Who will be the surprise of the June 24 elections?

We were in Yozgat on Friday.

Deputy Prime Minister Bekir Bozdag, with whom we had suhoor (the morning meal of the holy Muslim fasting month of Ramadan) with, told us an anecdote that occurred prior to the November 1 elections.

Let’s remember those days before going on with the anecdote:

The June 7 elections were held; the Justice and Development (AK) Party lost the opportunity to form a government alone; the Kurdistan Workers’ Party (PKK), which saw this as an opportunity, launched trench terrorism to carry the Syrian Rojava Project to Turkey.

Bombs exploded in the east of the country, and blind terror made people afraid to go out on the streets. The question and a little fear regarding the results of the November 1 elections were prevalent.

In such an atmosphere, a bearded old man approached Bozdağ, who was praying in the Hacı Veyizzade Mosque in Konya. The old man said, ‘’Don’t worry, you will have 317 seats in parliament,’’ and went away.

Of course, when it was seen that AK party's seats distribution really was 317 in the Grand National Assembly of Turkey, Bozdag's mind was blown away.

‘’The other day,’’ continued Mr.
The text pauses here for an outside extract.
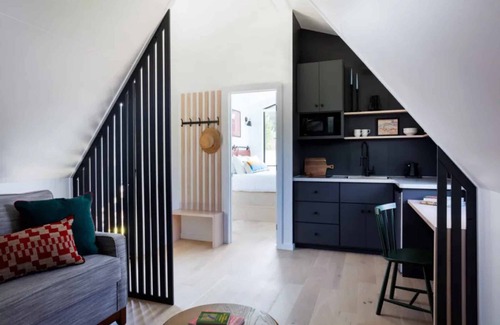 Stowe Area Hotel | Explore Stowe from a Comfortable Room Near Trails, Pool!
Bozdağ:

"Somebody came up again, said that we would have 327 seats on June 24, and left."

“If this comes true…,’’ he paused a bit.

I interrupted him and said, ‘’ If this comes true, then the real miracle is you.’’

We exchanged a smile.

The latest from public opinion polls

There were bilateral surprises in all the elections that I had closely followed. One being the defeated, the other being the victorious.
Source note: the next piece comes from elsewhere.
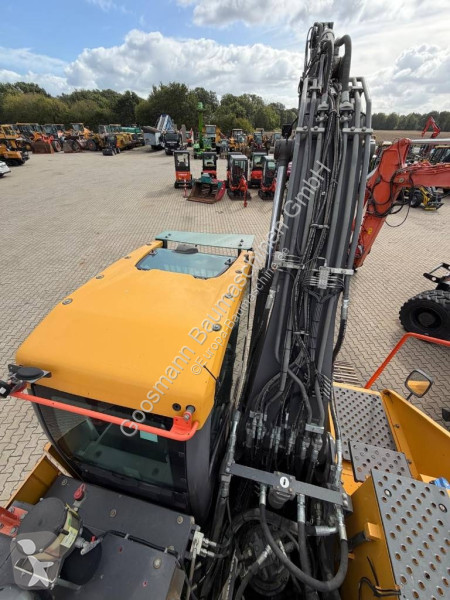 Excavadora Volvo EC 220 EL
For instance, in the July 2007 elections, except for one, all surveys showed AK Party gaining approximately 43 percent and below of votes.

The outcome was 46,6 percent.

Let’s take a look at recent elections that were in June and November.

On June 7, the surprise outcome of the ballot box was the Peoples' Democratic Party (HDP) with 13.1 percent of votes, which no research could predict.

On November 1, once again, AK Party returned to 50 percent with a result that no researcher had predicted.

I don’t say this so that we should distrust public opinion polls. We also know that those who do the job by the book and act with proper methods can provide valid estimations to the tee. We, too, talk to people who take their job seriously and mostly get through election estimations with accurate results.

Meral Akşener will be the disappointment of the elections

I would like to share the results of a researcher, who doesn’t clearly state that “This will be the results of the elections,” due to him being busy with his final poll in which 10,000 people participated, but someone who says, “I conduct polls every day, someone who I know stays true to scientific methods in his research, and someone that stands at equal distance to all parties.

Tayyip Erdoğan: 52 percent

Muharrem İnce: 28 percent

Selahattin Demirtaş: 9 percent

Meral Akşener: 7 percent

A significant part of surveys predict that the presidential elections will be over in the first round, however, we cannot say that "there is a surprise" in the data for the part that related to President Erdogan. The same can be said for the part about HDP’s presidential candidate Selahattin Demirtaş.

There is a point that I can place in the category of surprise by looking at previous polls, which is the increasing votes of Muharrem Ince, but, on the other hand, the drop in Meral Akşener’s votes.

The researcher I spoke with asserted by saying, ''The disappointment of this election will be Akşener.'' We shouldn’t be surprised if she gets 4 or 5 percent of the votes.

If you pay attention, the increase in the number of Muharrem İnce’s votes is directly parallel to the fall in Akşener's votes. In other words, while Ince collects the votes that would go to Akşener, she fell into a decline with the voters she had lost to İnce.

It leads us back to the argument that we supported from the beginning. What did we say?

There is concentration of 35 to 38 percent of votes that Muharrem İnce and Meral Akşener can collect.

This amount of votes can be exchanged between these two candidates in favor of one and against the other, but it doesn't seem likely that these two candidates will gain the votes of the remaining 63 to 65 percent of the population.

The reason my claim doesn't rely upon the idea that voters act on a fixed mindset. On the contrary, there are millions who change governments by changing their party preferences as if they agreed on it unknowingly but secretly.

Everybody can find out the reason why İnce and Akşener share the same group of voters by thinking it over just a little bit.